The 2012 Nuits Saint Georges 1er Cru Les Pruliers comes from a 0.26-hectare parcel of 80+-year old vines. It has a very open and generous bouquet with gorgeous ripe red cherries mixed with raspberry preserve and rose petals. The palate is medium-bodied with fine tannins, great focus and admirable tension on the finish. This is a delicious, well-crafted, self-effacingly complex wine. Superb.

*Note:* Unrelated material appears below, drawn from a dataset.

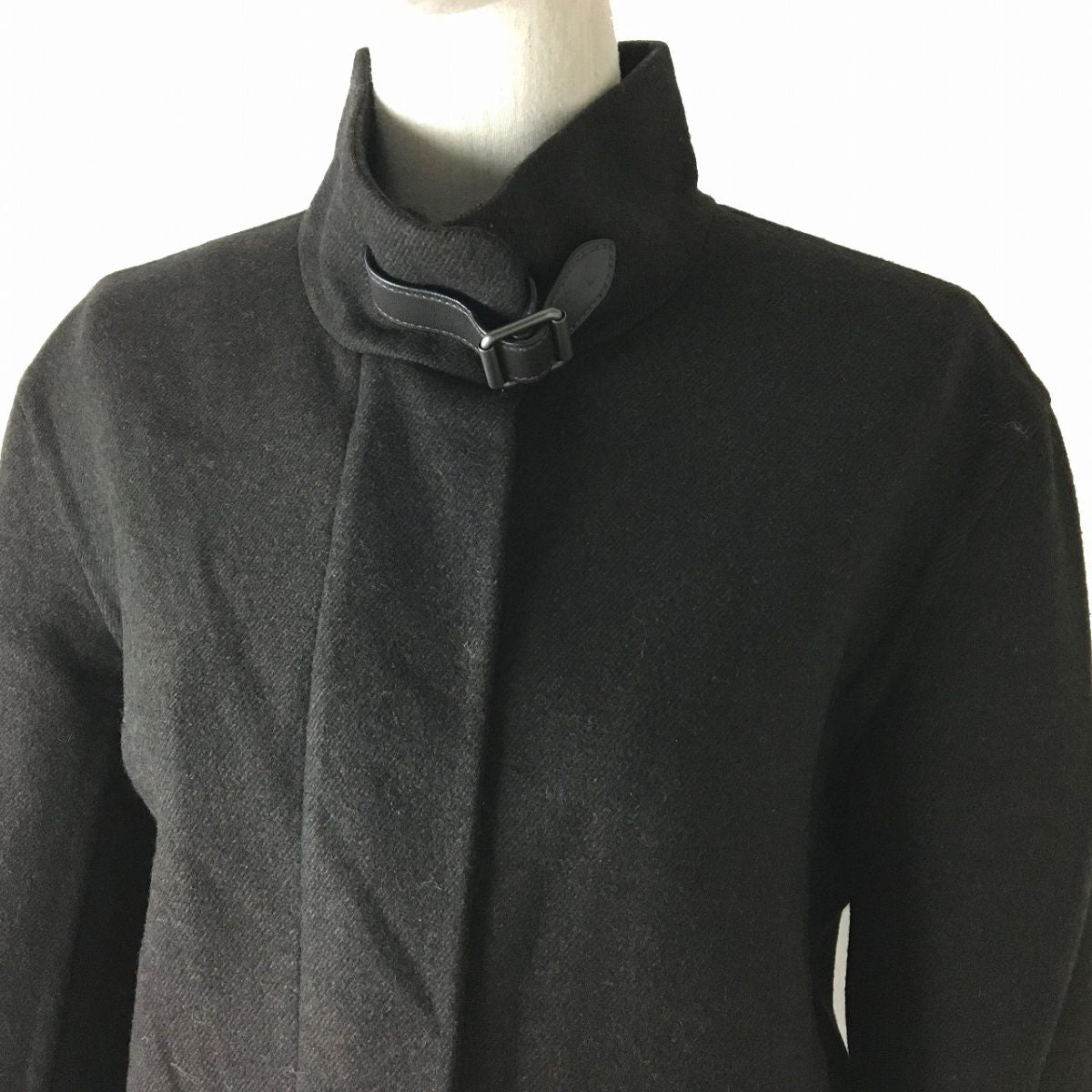 Hermes Leather Cashmere High Neck Jacket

Having tasted with his wife Ghislaine Barthod in the morning, I returned to the same address in the afternoon to see Louis Boillot. The domaine was established in 2002 when his father split the family domaine, Louis Boillot & Fils, between Louis and his brother Pierre. Henri Boillot is their cousin. It is an interesting set up: half the cellar reserved for Ghislaine’s wines and the other for her husband’s and whilst I have a great deal of experience with the former, I was less acquainted with Boillot’s. However I am glad that I did the time to sample through an impressive portfolio that were generally balanced, refined and skilfully expressed their terroir. In common with so many other producers, the affects of poor flowering, coulure and millerandage reduced yields. His Volnay Caillerets was reduced down to just half a barrel and in the case of his Pommard Village, down to a negligible three crates of grapes that were blended into the Bourgogne Rouge. Louis also rued the fact that the decreased total number of barrels meant that the ratio of new oak is a little higher than he might have liked, and therefore after vinifying in new oak he often transferred his wines into used oak after malo-lactic fermentations. Generally, this strategy worked and most of his 2012 did not exhibit excessive levels of wood. I would zone in on Louis’s exquisite Volnay wines that seemed to put the traumas of the growing season behind them, whilst the Nuits Saint Georges is exemplary.
Importer: Sussex Wine and Rare Wine Company (CA) and several importers in the UK including Lay & Wheeler, Raeburn Fine Wine, Averys and Berry Brothers.